Sayın Erdoğan, sandık için “milletin emaneti, demokrasinin namusu, milletin onuru“ diyorsunuz ama gelin görün ki kazanılan İstanbul seçiminin iptaline nasıl göz yumabiliyorsunuz? Seçimlerle ilgili YSK üyesi Recep Özel’in, kişisel verilerin nasıl elde edildiği sorusuna verdiği cevap da çok ilginç. “Genel merkezden temin edilmiş”!

Bu arada, inanılması güç bir olay daha yaşanıyor. Sincan’daki bir mahkuma, Sayın İmamoğlu ve Aydın Belediye Başkanı için FETÖ iddiasında bulunduğu takdirde tahliye edileceği söyleniyor. Ve mahkum bunu kabul etmediğini bizzat mahkemede açık açık ifade ettiği  de medyada yer aldı. Hatta bunun arkasında iki bakan olduğu iddiası da cabası. Anadolu’da bir laf vardır, “Ne günlere kaldık!”

Sayın İmamoğlu’nun, İstanbul seçimlerini bal gibi kazandığını hepimiz biliyoruz. Daha yazılmayan gerekçeli kararın, seçimlerden önce çıkacağından da kuşkuluyum. 2014 yılındaki YSK ile ilgili bir gazete haberini yorumsuz sizlerin değerlendirmenize bırakıyorum. “Kesinleşmiş seçmen listelerinin yeniden incelenmesi mümkün değildir. Mazbatanın iptali istenemez. Yolsuzluk tespit edilirse, seçim yenilenmez, yolsuzluk ceza mahkemesinde yargılanır.” ( Sadi Güven, YSK Başkanı, 2014)

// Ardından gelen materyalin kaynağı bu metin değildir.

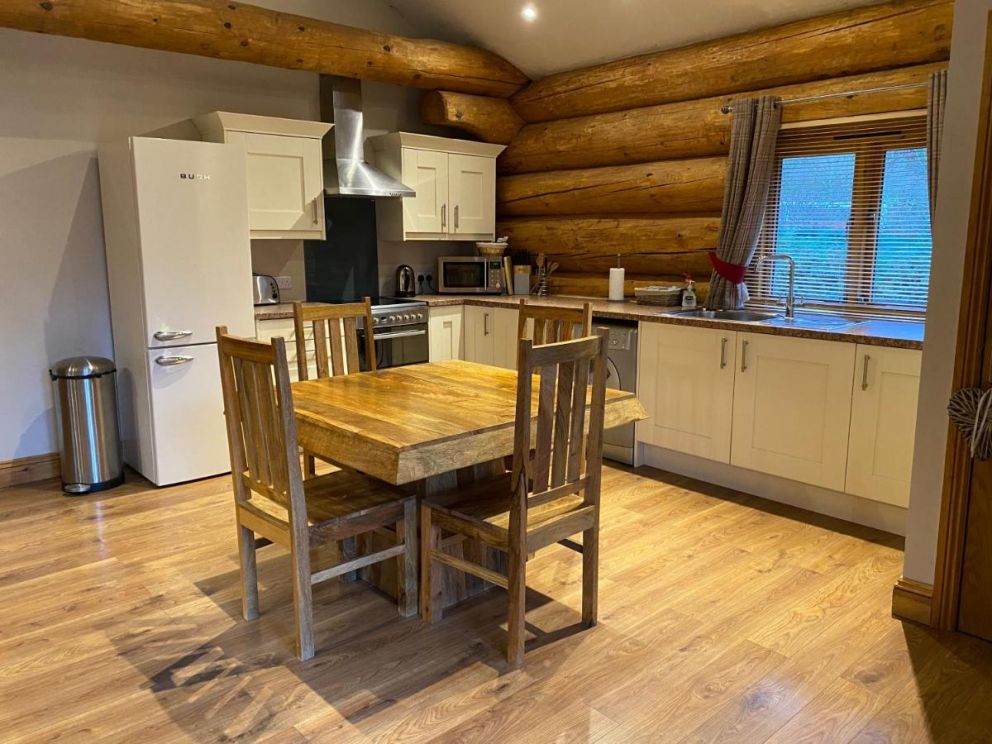 Ewes Water Log Cabins, Langholm, Dumfries & Galloway - wheelchair accessible, pet friendly with wood burner and barbeque in Scotland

Yerel seçimlerle ilgili son bir aydır konuşulan iddialardan artık hepimize gına geldi. Seçim sonuçlarına itiraz edenlerin, iddia ettikleri hiç bir sebep bu seçimin gerçeğe dayandırılarak iptal edildiği duygusunu yansıtmıyor.

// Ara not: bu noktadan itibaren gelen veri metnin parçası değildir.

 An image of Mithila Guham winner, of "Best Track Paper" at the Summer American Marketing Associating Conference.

Ülkenin en büyük sanayii kuruluşu TÜSİAD toplantısında, Sayın Tuncay Özilhan, üyelere, ülkedeki demokrasi, hukuk ve ekonomideki sıkıntıları dile getiren bir konuşma yaptı. Bu konuşmada bazı istatistiki bilgileri de paylaştı. Ama Sayın Cumhurbaşkanı bu konuşmadan memnun kalmamış olacak ki, tüm hiddeti ile konuşmacıyı tehdit içeren bir üslupla “Bunun hesabını sormasını bilirim”, dedi ve devam etti. Geçmişten bugüne Sayın Özilhan’ın buralara ekonomik olarak nasıl geldiğini de açıklayabilirim dedi. Saygın bir sanayici, ülkenin sanayii ve  demokrasi ile ilgili içinde bulunduğu sıkıntıyı TÜSİAD üyelerine ve kamuoyuna anlatmak istedi. Eğer söyledikleri ve verdiği istatistikler doğru değilse, yanlış konuşuyorsun deyip doğruları kamuoyuna siz açıklayabilirdiniz. Geçenlerde, bazı sanatçıların da Sayın İmamoğlu’nu destekleyici konuşmalarına da buna benzer tepkiler verdiniz.

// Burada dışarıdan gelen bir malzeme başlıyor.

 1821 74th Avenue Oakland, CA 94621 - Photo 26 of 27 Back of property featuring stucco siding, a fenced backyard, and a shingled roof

Sayın Cumhurbaşkanı, ülkede şu anda yaşanılan ekonomik, sosyal ve siyasi olaylardan dolayı zaten bir gerilim yaşanmakta. Bu durumda, 82 milyon yurttaşı ayrıştırmadan bir arada tutmanın kural ve koşullarını oluşturmak da size düşüyor. Gelin korkutarak değil, sevgiyle kucaklaşalım.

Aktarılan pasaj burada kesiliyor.